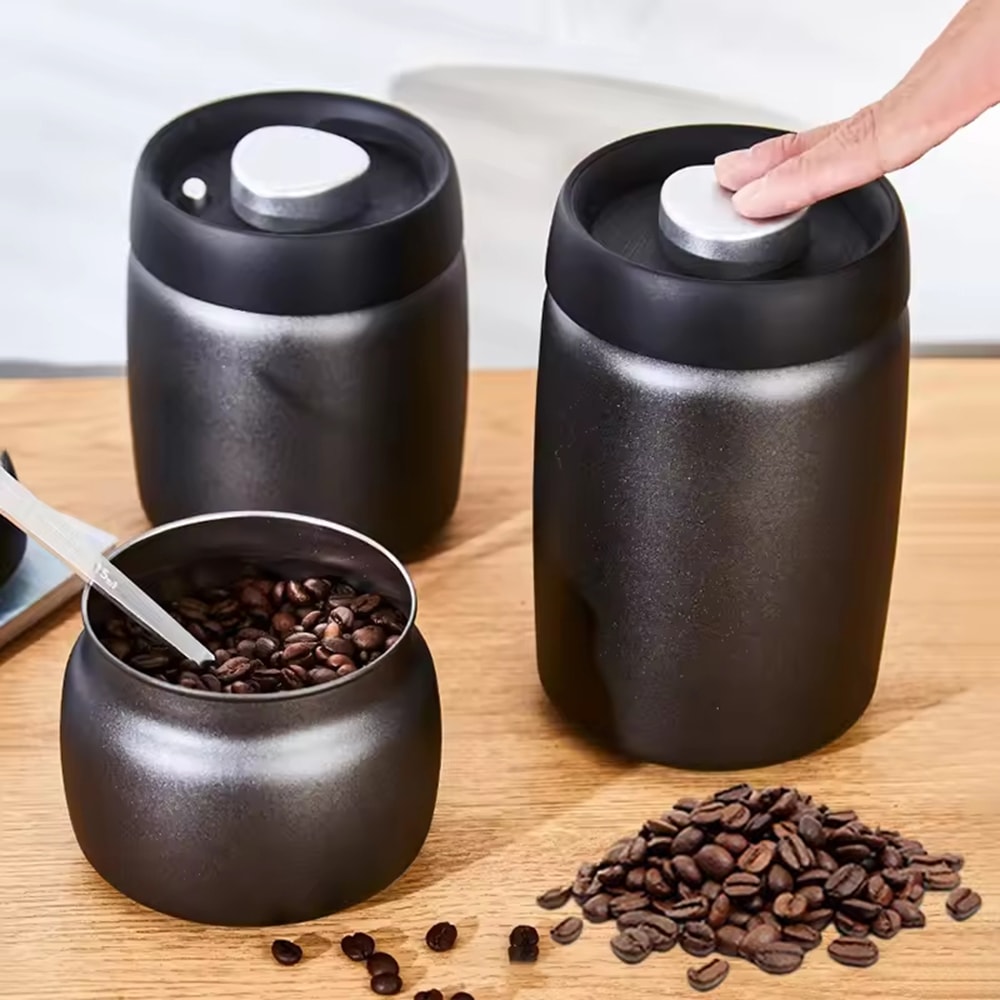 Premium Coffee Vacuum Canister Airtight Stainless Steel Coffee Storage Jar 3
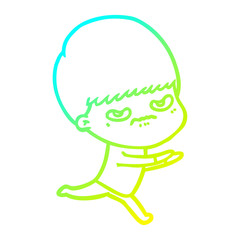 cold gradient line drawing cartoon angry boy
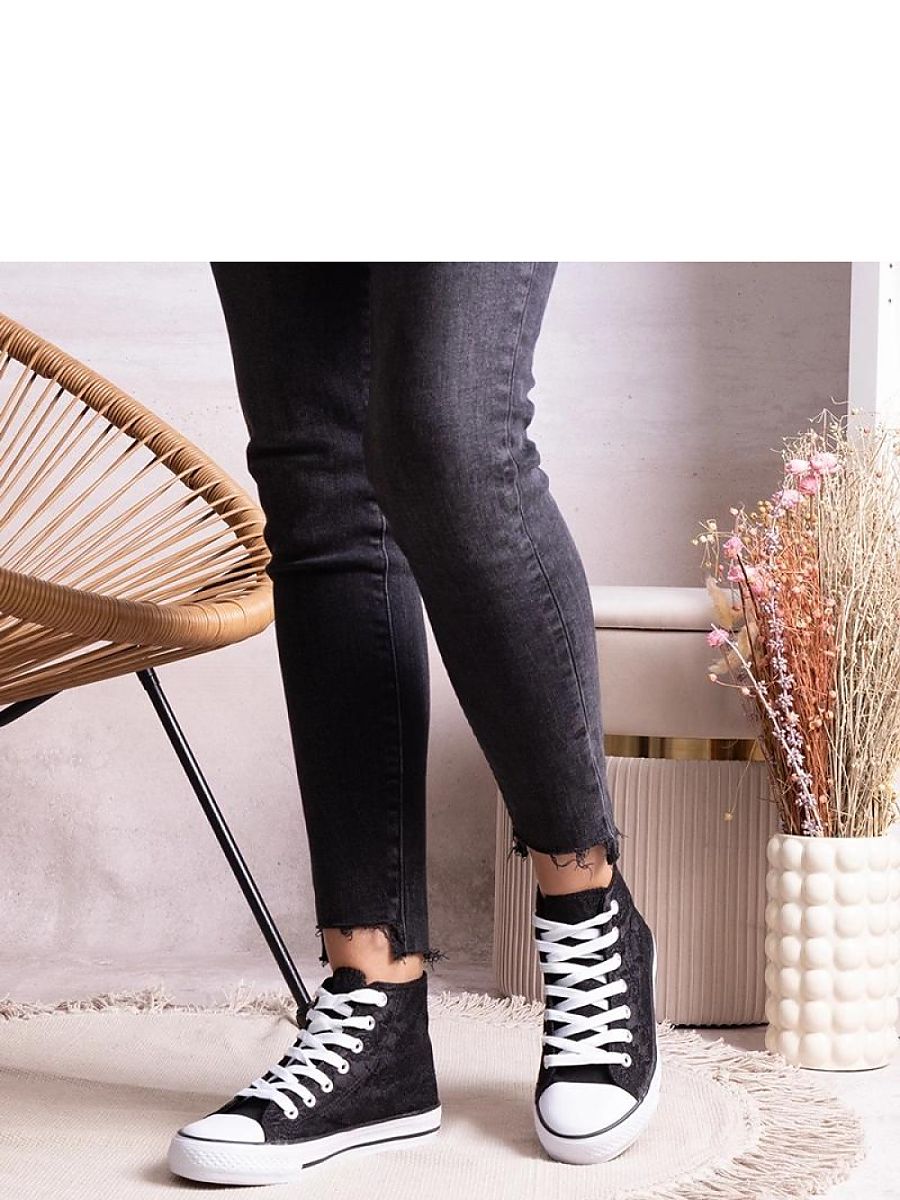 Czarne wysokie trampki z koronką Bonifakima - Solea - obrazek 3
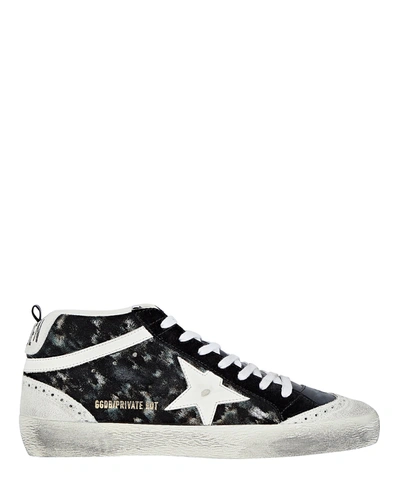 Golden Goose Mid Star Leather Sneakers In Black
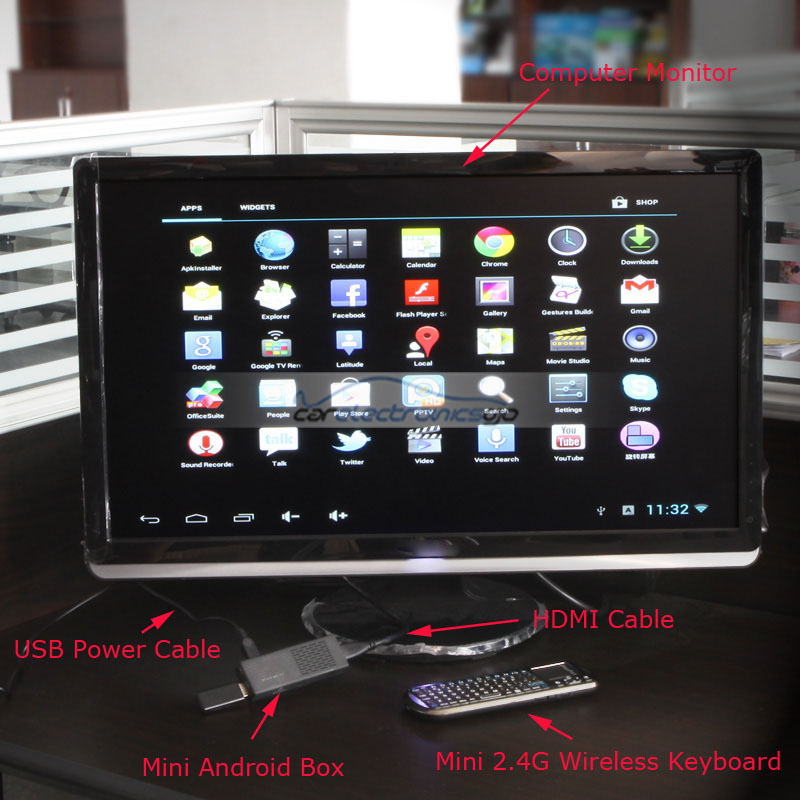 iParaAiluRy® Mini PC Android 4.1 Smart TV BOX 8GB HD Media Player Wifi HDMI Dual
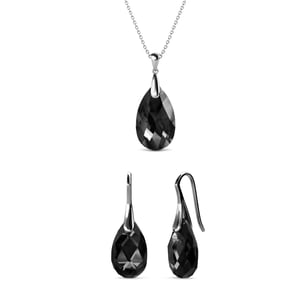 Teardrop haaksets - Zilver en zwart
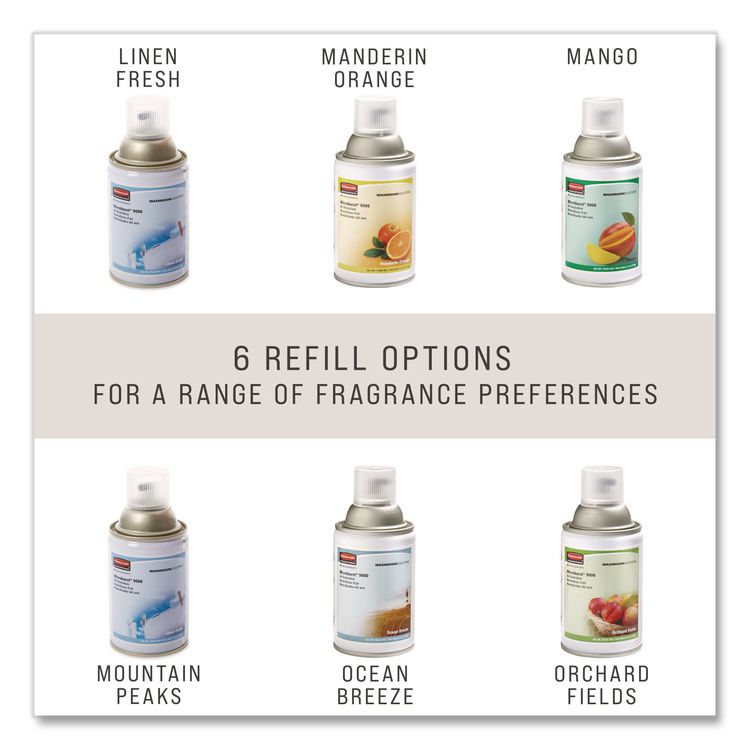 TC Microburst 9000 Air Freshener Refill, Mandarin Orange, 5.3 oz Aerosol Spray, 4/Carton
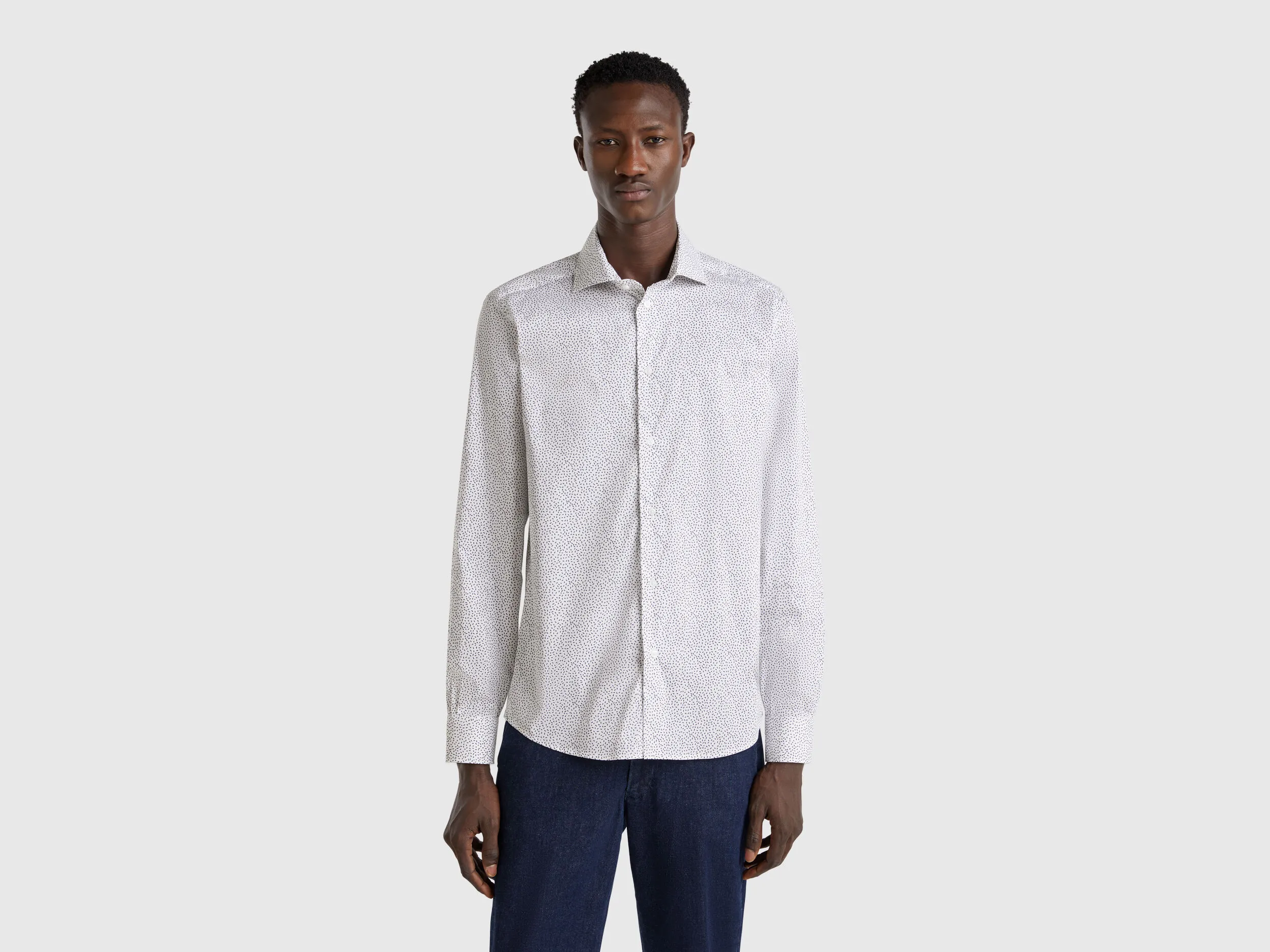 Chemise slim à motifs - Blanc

◆ **PROBLEM DETAILS**: Your answer should be every entry repeated exactly, minus the pictures.

◆ **RESULT OF THE EXERCISE**:
 Premium Coffee Vacuum Canister Airtight Stainless Steel Coffee Storage Jar 3
 cold gradient line drawing cartoon angry boy
 Czarne wysokie trampki z koronką Bonifakima - Solea - obrazek 3
 Golden Goose Mid Star Leather Sneakers In Black
 iParaAiluRy® Mini PC Android 4.1 Smart TV BOX 8GB HD Media Player Wifi HDMI Dual
 Teardrop haaksets - Zilver en zwart
 TC Microburst 9000 Air Freshener Refill, Mandarin Orange, 5.3 oz Aerosol Spray, 4/Carton
 Chemise slim à motifs - Blanc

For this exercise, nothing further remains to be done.